Data excerpt ->
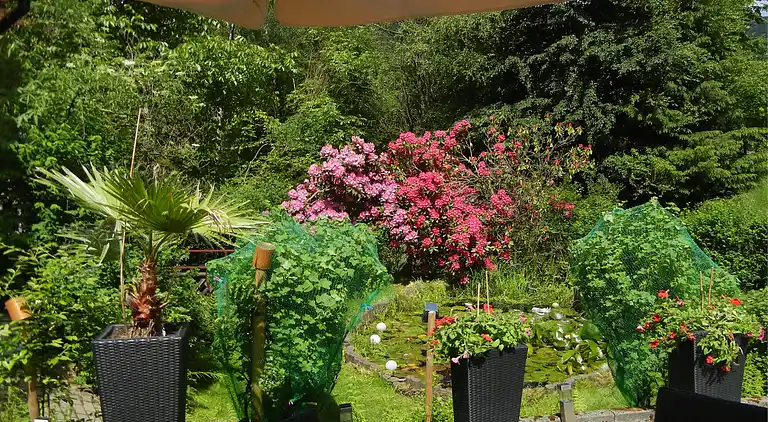 Apartment in Schiltach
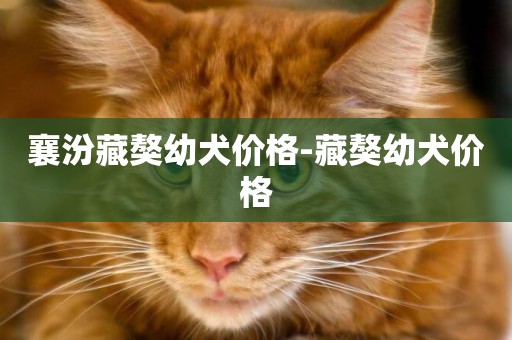 襄汾藏獒幼犬價格-藏獒幼犬價格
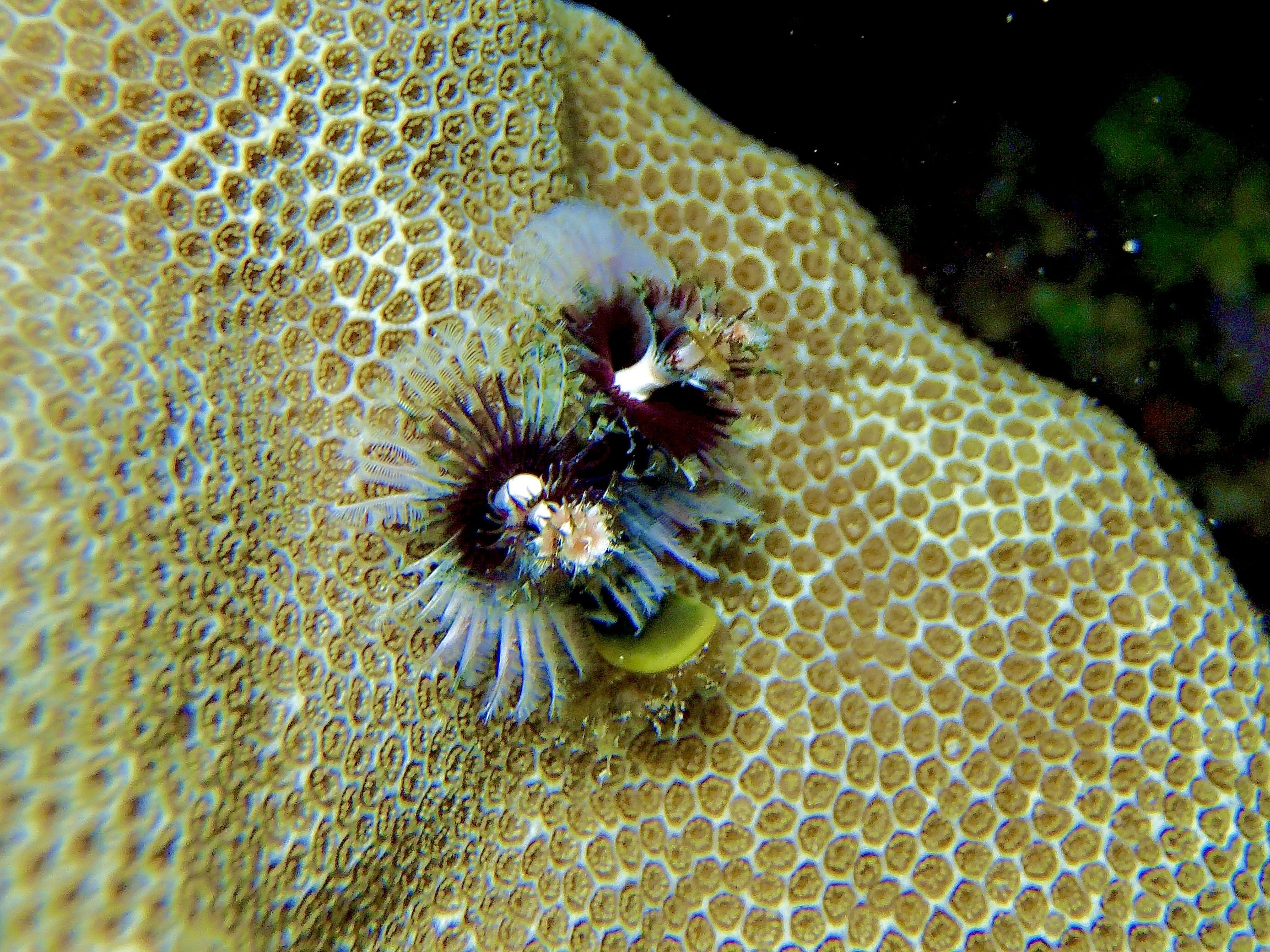 Christmas tree worm, tide pools, Christmas tree worms in the tide pools, tide pooling, tiny beautiful, purple Christmas tree worm, white Christmas tree worm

Work to be completed -> All the material above should be written out exactly, with images omitted.

Exercise solution ->
 Apartment in Schiltach
 襄汾藏獒幼犬價格-藏獒幼犬價格
 Christmas tree worm, tide pools, Christmas tree worms in the tide pools, tide pooling, tiny beautiful, purple Christmas tree worm, white Christmas tree worm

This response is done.